Le dessin animé, du réalisateur Henry Selick (également auteur de l’Etrange Noël de Monsieur Jack), est très beau. Les marionnettes sont expressives au possible, affichant merveilleusement les sentiments qui les habitent. Le décor aussi est très beau, comme le jardin merveilleux dans l’autre réalité, pur moment de poésie.
Ce dessin animé vaut le déplacement (il est encore joué par quelques cinémas). On en ressort plus léger, enchanté par ce conte moderne et sa poétique adaptation.

L’age de glace 3

Pour ceux qui ont besoin de se détendre, d’un moment qui leur fera oublier leurs soucis, L’âge de glace 3 est sur les écrans, et il est plutôt réussi. Dès les premières scènes l’amusement est présent. Aussi bon que le premier opus, nous y retrouvons nos personnages préférés, de Manny à Sid en passant par Scrat… Avec quelques nouveautés, comme l’apparition de Scrattina.
En voyant l’affiche, l’on pourrait se demander comment les dinosaures peuvent se profiler sans dénaturer l’histoire… eh bien leur introduction est bien réalisée. Suivant une certaine logique, surfant sur l’idée du monde perdu, nos amis découvrent un monde caché, où survivent deux dinosaures, dont une « maman » qui enlève Sid à mi-chemin du film. L’aventure ressurgit lorsqu’il faut aux autres membres de la horde aller chercher le paresseux.
Les bébés dinosaures sont aussi très amusants. Une franche tranche de rire lorsqu’ils « jouent » avec les autres enfants du groupe. Les gags peuvent paraître faciles mais ils sont toujours bien réalisés, prennent place au bon moment, et ne dérapent pas. Le rire sait rester léger et divertissant. En outre, le graphisme est réussi, les images sont nettes et belles, et il y a énormément de plans visuellement très beaux. L’on pourrait citer par exemple le parc de jeu que Manny réalise pour son futur enfant, avec le mobile de silhouettes découpées dans la glace.

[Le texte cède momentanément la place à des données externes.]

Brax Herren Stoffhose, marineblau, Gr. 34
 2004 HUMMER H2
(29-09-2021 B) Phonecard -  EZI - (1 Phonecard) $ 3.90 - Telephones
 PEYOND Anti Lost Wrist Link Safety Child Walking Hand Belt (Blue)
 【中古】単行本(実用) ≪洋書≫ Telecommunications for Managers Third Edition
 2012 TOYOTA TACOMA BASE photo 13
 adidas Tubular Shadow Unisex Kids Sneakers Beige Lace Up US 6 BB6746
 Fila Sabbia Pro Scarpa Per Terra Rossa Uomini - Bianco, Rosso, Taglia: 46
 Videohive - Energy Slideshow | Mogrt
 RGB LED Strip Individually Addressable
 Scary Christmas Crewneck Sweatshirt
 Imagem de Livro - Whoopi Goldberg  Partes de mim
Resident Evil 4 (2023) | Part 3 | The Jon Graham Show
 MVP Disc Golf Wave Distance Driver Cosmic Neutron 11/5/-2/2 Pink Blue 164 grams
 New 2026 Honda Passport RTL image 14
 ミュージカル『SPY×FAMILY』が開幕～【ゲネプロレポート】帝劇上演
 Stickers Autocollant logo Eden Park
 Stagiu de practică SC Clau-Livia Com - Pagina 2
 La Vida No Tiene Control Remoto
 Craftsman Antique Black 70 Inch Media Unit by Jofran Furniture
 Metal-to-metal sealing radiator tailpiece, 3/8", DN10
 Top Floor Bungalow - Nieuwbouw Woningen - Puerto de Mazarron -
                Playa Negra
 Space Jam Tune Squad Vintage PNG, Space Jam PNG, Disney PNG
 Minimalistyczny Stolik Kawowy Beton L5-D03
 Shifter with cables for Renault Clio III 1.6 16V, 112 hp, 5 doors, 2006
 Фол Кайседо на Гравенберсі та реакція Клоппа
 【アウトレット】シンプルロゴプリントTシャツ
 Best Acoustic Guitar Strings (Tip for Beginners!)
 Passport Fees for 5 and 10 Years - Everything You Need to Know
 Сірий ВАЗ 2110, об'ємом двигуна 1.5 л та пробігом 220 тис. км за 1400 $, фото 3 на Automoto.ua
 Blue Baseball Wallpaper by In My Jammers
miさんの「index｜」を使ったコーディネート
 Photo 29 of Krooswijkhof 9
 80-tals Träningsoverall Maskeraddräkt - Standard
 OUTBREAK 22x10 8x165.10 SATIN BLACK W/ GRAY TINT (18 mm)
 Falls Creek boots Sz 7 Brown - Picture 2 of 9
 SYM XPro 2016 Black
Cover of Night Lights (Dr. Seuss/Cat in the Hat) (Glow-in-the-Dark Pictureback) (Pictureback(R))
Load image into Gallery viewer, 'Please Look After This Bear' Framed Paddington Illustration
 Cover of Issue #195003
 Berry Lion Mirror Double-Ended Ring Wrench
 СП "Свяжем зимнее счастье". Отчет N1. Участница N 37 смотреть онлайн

D’aucuns pourraient reprocher au film son abondance de bons et nobles sentiments, mais après tout c’est surtout l’histoire d’une amitié et des sentiments qui lient des gens n’ayant aucun lien de sang entre eux. Il n’y a pas de moments où les bons sentiments se changent en sentimentalisme dérangeant, au contraire. Il faut juste savoir où l’on met les pieds avant de pénétrer la salle.
L’âge de glace 3 est un bon divertissement, qui amusera autant les grands que les petits. Cette troisième histoire vaut la peine d’être vue. L’heure quarante que dure le film semble ne durer que le temps d’un éclat de rire.